"Four by Sondheim"
「トットのマイ・フレンズ」(新潮文庫)には、「メリーさん」以外に、ユル・ブリンナー、テネシー・ウィリアムズ、向田邦子、渥美清、坂本九などの章があり、黒柳徹子本人が彼らと会ったときのこと、および他人から聞いたエピソードによって、各人物像が浮き彫りにされています。
今回この本を読み直したのは「ゼロ・モステル」の章のためでした。ゼロ・モステルは、「屋根の上のバイオリン弾き」のテビエ役をブロードウェイ初演(1964年)で演じた天才肌のコメディアンですが、ノーマン・ジュイソン監督の映画版(1971年)では彼でなくトポルがテビエを演じたため、日本ではあまりなじみがないスターだと思います。モステルの主演した、メル・ブルックス脚本・監督の映画「プロデューサーズ」(1968年)は、最近でこそオリジナルもミュージカル版も人気がありますが、長らく日本未公開でした。「屋根の上のバイオリン弾き」の前に主演したミュージカル「ローマで起った奇妙な出来事」も、日本ではあまり頻繁に上演されていないようですし、リチャード・レスター監督による映画版(1966年)はカルト作品扱いで、広く知られているとは言いがたいです。今週末にBSハイビジョンで放送予定なので、これがきっかけで「プロデューサーズ」のように徐々に知名度が上がっていってほしいです。
その「ローマで起った奇妙な出来事」をはじめ、「リトル・ナイト・ミュージック」、「スウィーニー・トッド」、「ジョージの恋人」という4つのミュージカルの台本を収めたのが、現在少しずつ読んでいる"Four by Sondheim"(Applause刊、2000年)です。4つともスティーブン・ソンドハイムが作詞・作曲を手がけていますが、台本作者はそれぞれ違っています。アマゾン・コムで調べると、各作品の台本は個別にも出版されています。"Four by Sondheim"には、台本のほか、各作品の関係者による序文、アル・ハーシュフェルドのイラスト、セットや衣装のデザイン画、ステージ写真、カットされた曲の歌詞、主な上演の配役一覧、主なディスコグラフィーが付録になっていて、ファンのための愛蔵版といったところでしょうか。楽譜以外の資料がそろっている本です。ミュージカルの作詞・作曲を手がけた人は多いけれど、このような本が出ているのはソンドハイムくらいでしょう。それだけ彼の評価が高く、支持する人が多いのだと思います。

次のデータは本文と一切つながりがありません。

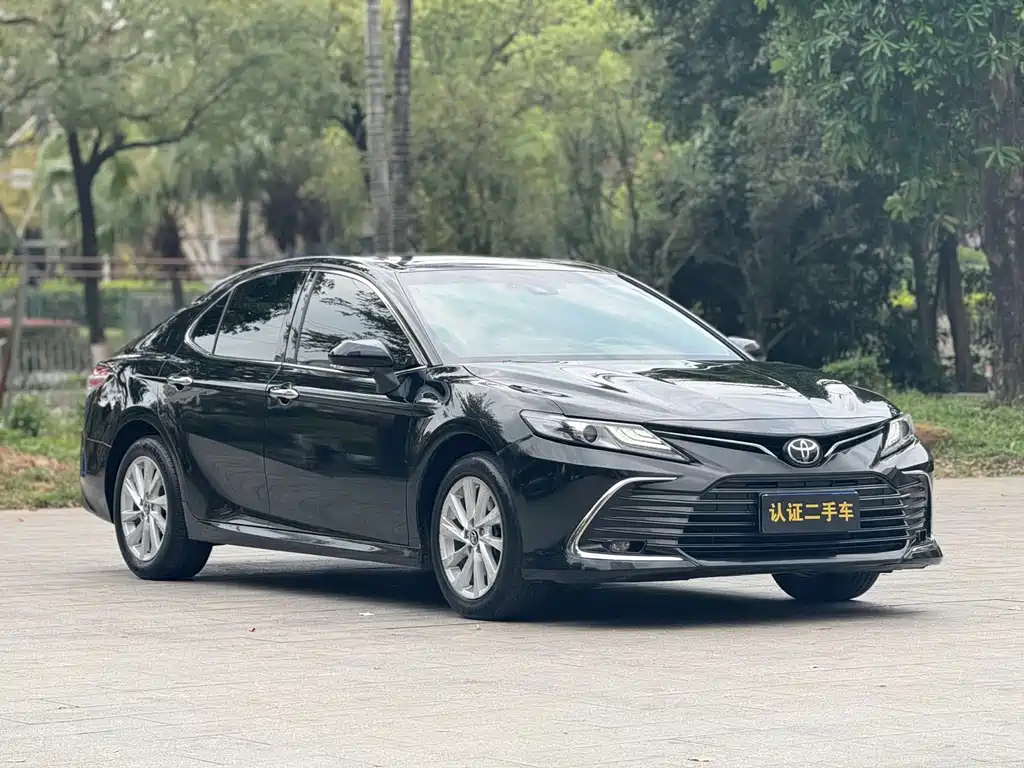 Toyota Camry 2022 — фото 3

「ローマで起った奇妙な出来事」の台本は、ほかの3作品と比べると、ページ数が少ないです。その理由は、11ページの登場人物一覧の下に書かれている、作者のメモを見て分かりました。これはボードビリアンのための台本だから、台本に書かれていないアドリブや滑稽な仕草が実際の上演では追加されるので、その部分は出演者や読者が補ってほしい、というのです。ゼロ・モステルはアドリブが得意でした。ノーマン・ジュイソン監督が映画化にあたって彼をテビエ役に選ばなかったのは、撮影がアドリブで滞ってしまうのを恐れたからだという説もあります。「トットのマイ・フレンズ」にも、「屋根の上のバイオリン弾き」がモステルの主演で再演されたとき、観客はスタンディング・オベーションしたのに、振付のジェローム・ロビンスら関係者は立ち上がらず、モステルが本番でリハーサルと違う要素を付け加えたことを非難したというエピソードがありました。ミュージカルにもいろいろ種類があり、アドリブがふさわしい作品と、ふさわしくない作品があるのでしょう。「ローマで起った奇妙な出来事」はアドリブを前提に書いてあるわけだから、固定された映画版より、生の舞台で見るほうがずっと楽しめるタイプの作品なのかもしれません。